University of Waterloo: Displacement, erasure, and the gentrification of vulnerable communities in ‘liveable’ Vancouver

Displacement, erasure of ties, and gentrification are all taking place in the historically working-class and low-income neighbourhoods of the City of Vancouver, a recent study shows.

Considered one of the most livable cities in the world, the study by University of Waterloo researchers investigated the differing expressions of Vancouver’s commitment to the concept of livability in the Northeast False Creek (NEFC) and the Downtown Eastside (DTES) neighbourhoods.

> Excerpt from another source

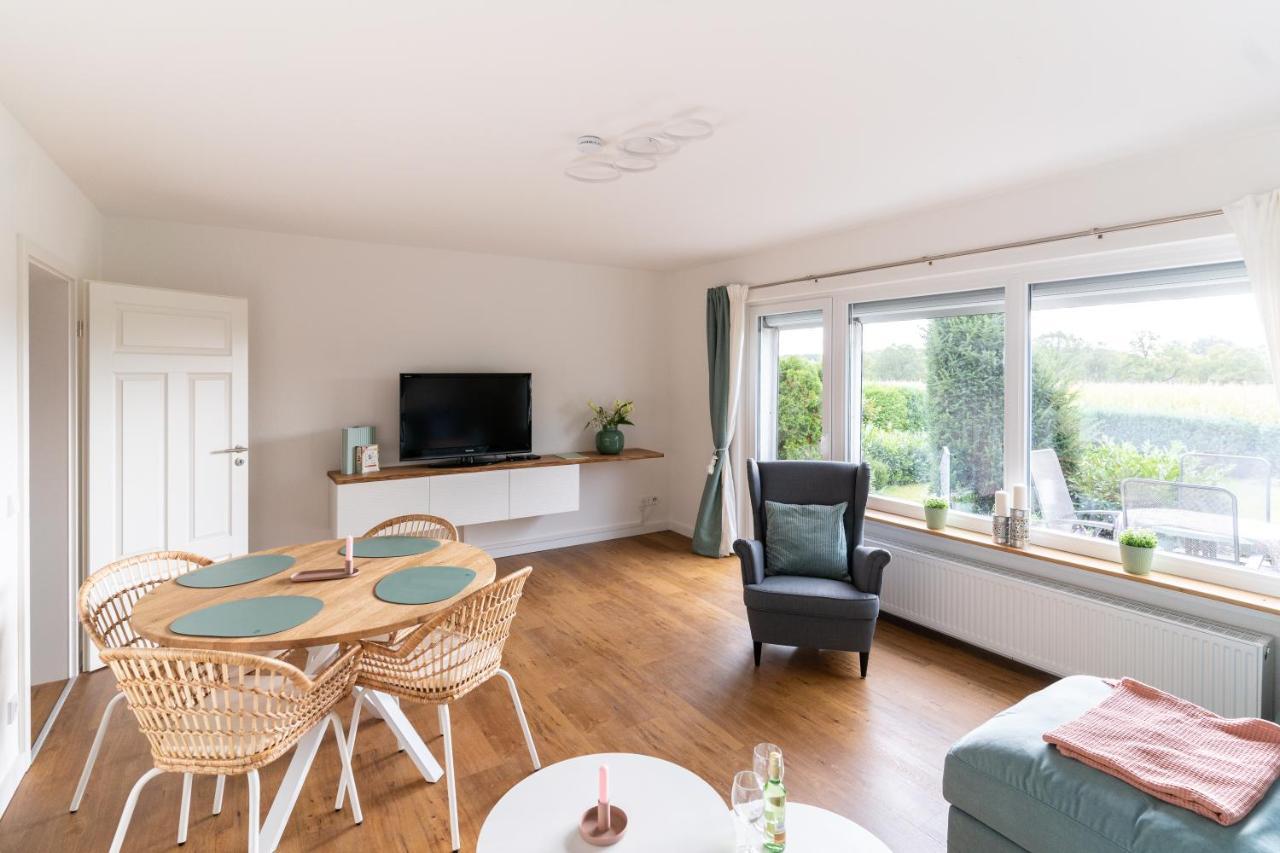 Ferienwohnung Gartenkamp סלה מראה חיצוני תמונה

By examining the two neighbourhoods’ histories, the study demonstrates that Vancouver’s commitment to livability does not address the city’s long-standing and growing inequalities.

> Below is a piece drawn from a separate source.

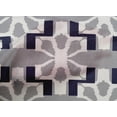 thumbnail image 4 of oneOone Cotton Poplin Fabric Geometric Kasuri Print Sewing Fabric BTY 56 Inch Wide, 4 of 4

“Vancouver’s planning history over the past five decades has been dominated by its very public efforts to become more’ livable.’ On the surface, it is difficult to be opposed to the idea of a livable city,” said Giuseppe Tolfo, a master’s student in the University of Waterloo’s School of Planning and co-author of the study.

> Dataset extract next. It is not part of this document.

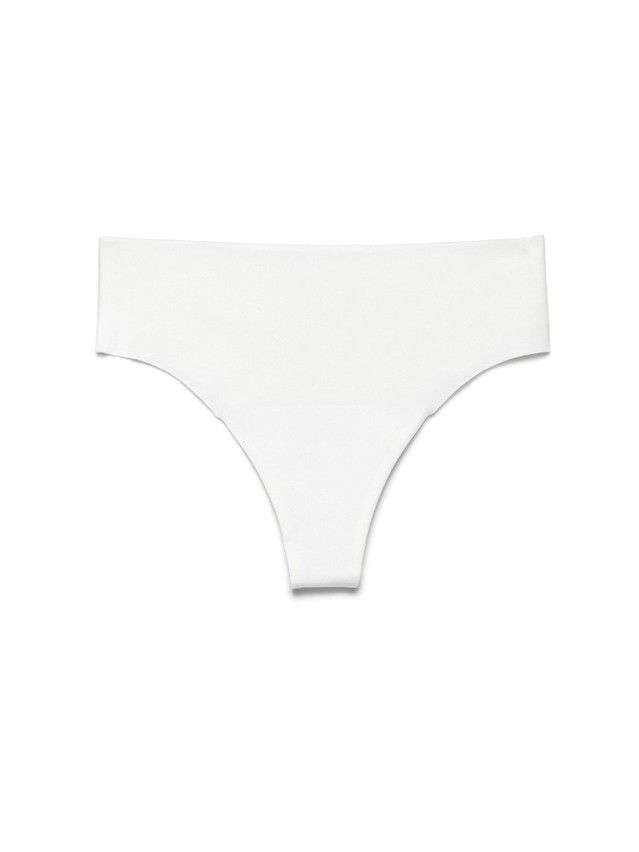 Panties for women INVISIBLE LBR 979 (packed on mini-hanger) s.90, white - 3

“Therefore, scholars, planners, and practitioners must continue to question what liveability actually means, who benefits from planning the livable city, and who is excluded.”

In their detailed analysis of 37 planning documents and city council reports, Tolfo and professor Brian Doucet, who also co-authored the study, established that the City of Vancouver’s current definition, approaches and application of livability contributes to the gentrification of the vulnerable communities, across history.

“Our research seeks to reorient the concept of livability by rendering visible the conflicts needed to produce ‘livable’ spaces and by emphasizing the uneven social, spatial, and racial outcomes of planning for livability,” said Doucet, a Canada Research Chair in Urban Change.

The pair stress Vancouver’s low-income residents and vulnerable populations face a difficult future if there are no pertinent actions to stem the tide from shifts in the greater political economy of the city.

“Thinking about true livability from an inclusive or equitable perspective means considering movements demanding the universal right to housing, racial justice, public transportation and infrastructure, education, social infrastructure, food security, fair representation and democracy, and health services,” Tolfo said.

Tolfo and Doucet argue that when livability has very different meanings depending on the context; for instance, if land is transferred to a planning team with a less equitable interpretation of livability, gentrification can occur. “This happened in Vancouver when the land around a highway viaduct was shifted from DTES plans to planning for the NEFC,” said Doucet.

They recommend that planning and policymakers expand efforts to work with those committed to exposing histories that have been erased to pave the way for capitalist manifestations of ‘livability’ and centre displacement and exclusion in any analysis of what a livable city means.